_DATASET CONTENT_
┏━━

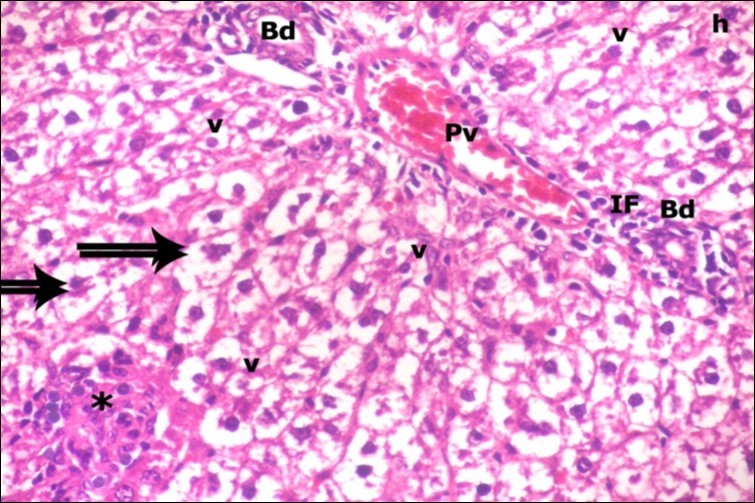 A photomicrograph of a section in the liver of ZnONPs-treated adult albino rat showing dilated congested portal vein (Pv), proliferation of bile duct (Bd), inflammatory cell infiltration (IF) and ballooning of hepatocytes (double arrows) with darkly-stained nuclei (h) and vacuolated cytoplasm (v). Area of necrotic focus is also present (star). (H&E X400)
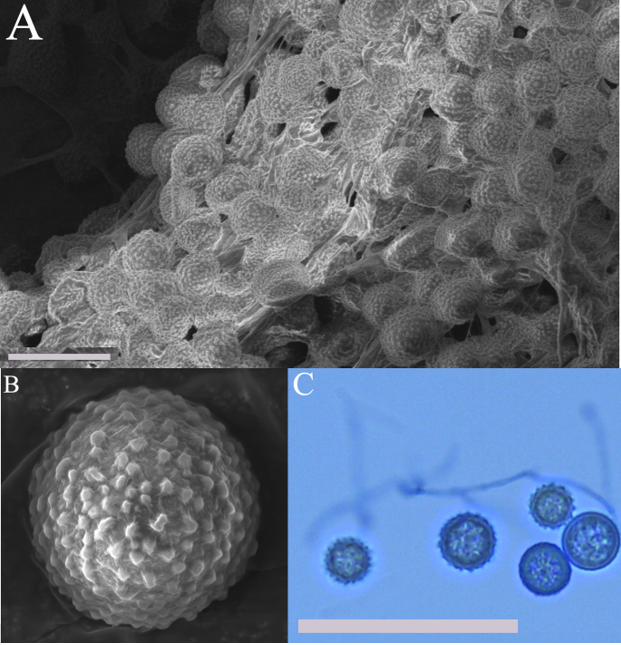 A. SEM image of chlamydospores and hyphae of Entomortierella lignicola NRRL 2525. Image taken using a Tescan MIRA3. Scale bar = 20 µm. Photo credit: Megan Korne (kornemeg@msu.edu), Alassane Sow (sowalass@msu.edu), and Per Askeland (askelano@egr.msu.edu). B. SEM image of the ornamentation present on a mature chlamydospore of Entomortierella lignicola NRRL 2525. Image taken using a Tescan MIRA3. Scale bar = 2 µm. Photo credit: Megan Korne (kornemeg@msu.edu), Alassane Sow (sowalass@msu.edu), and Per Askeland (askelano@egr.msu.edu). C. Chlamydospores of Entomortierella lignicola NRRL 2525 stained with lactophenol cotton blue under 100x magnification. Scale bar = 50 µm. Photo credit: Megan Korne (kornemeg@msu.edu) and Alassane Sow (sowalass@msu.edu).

┗━━
┏━━

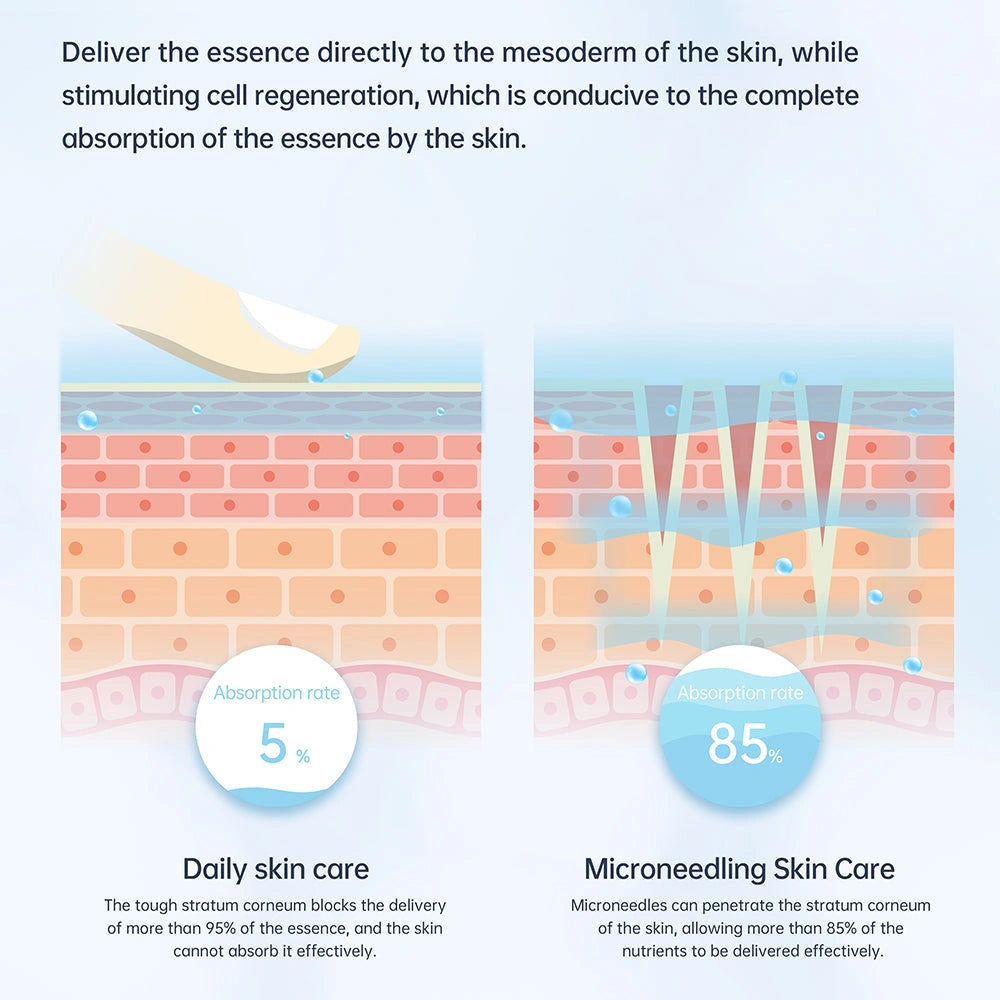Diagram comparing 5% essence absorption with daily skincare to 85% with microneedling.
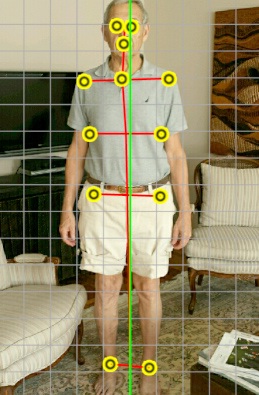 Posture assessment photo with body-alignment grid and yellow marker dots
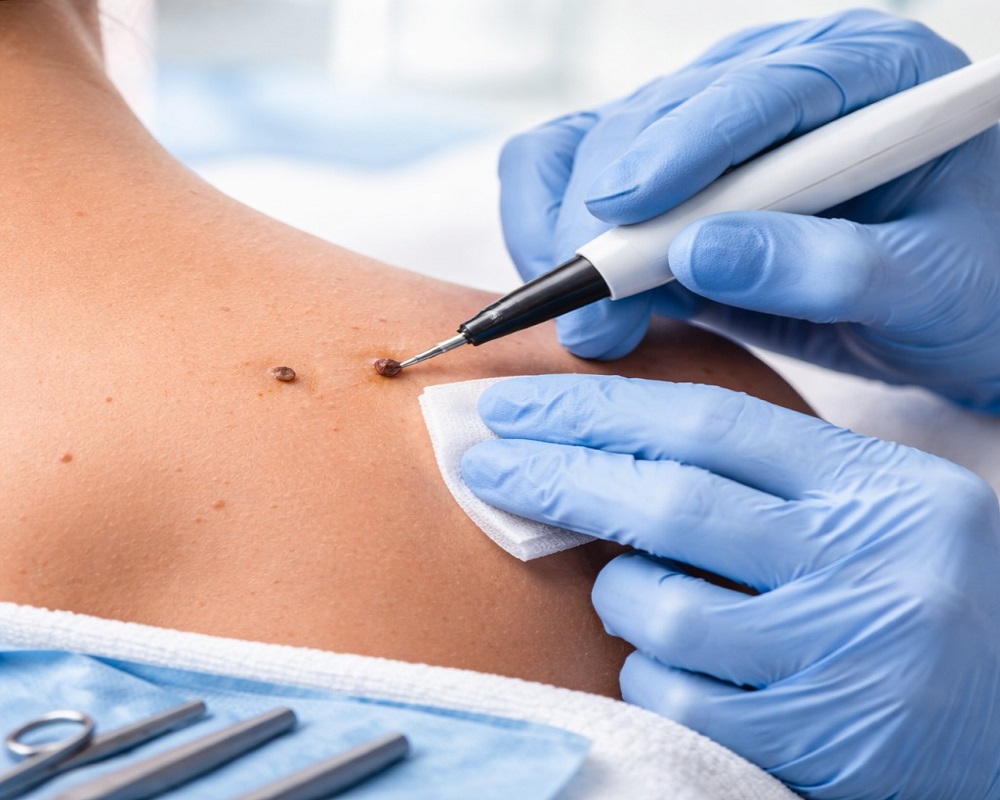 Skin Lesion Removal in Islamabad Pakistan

┗━━
┏━━

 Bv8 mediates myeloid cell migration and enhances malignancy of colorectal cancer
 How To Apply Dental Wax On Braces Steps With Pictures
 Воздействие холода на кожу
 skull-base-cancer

┗━━

Exactly reproduce the lines above, starting at the one that contains "A photomicrograph of" and ending at the one that contains "A. SEM image", both inclusive; leave the pictures out and add no other lines.

_FINISHED EXERCISE_
 A photomicrograph of a section in the liver of ZnONPs-treated adult albino rat showing dilated congested portal vein (Pv), proliferation of bile duct (Bd), inflammatory cell infiltration (IF) and ballooning of hepatocytes (double arrows) with darkly-stained nuclei (h) and vacuolated cytoplasm (v). Area of necrotic focus is also present (star). (H&E X400)
 A. SEM image of chlamydospores and hyphae of Entomortierella lignicola NRRL 2525. Image taken using a Tescan MIRA3. Scale bar = 20 µm. Photo credit: Megan Korne (kornemeg@msu.edu), Alassane Sow (sowalass@msu.edu), and Per Askeland (askelano@egr.msu.edu). B. SEM image of the ornamentation present on a mature chlamydospore of Entomortierella lignicola NRRL 2525. Image taken using a Tescan MIRA3. Scale bar = 2 µm. Photo credit: Megan Korne (kornemeg@msu.edu), Alassane Sow (sowalass@msu.edu), and Per Askeland (askelano@egr.msu.edu). C. Chlamydospores of Entomortierella lignicola NRRL 2525 stained with lactophenol cotton blue under 100x magnification. Scale bar = 50 µm. Photo credit: Megan Korne (kornemeg@msu.edu) and Alassane Sow (sowalass@msu.edu).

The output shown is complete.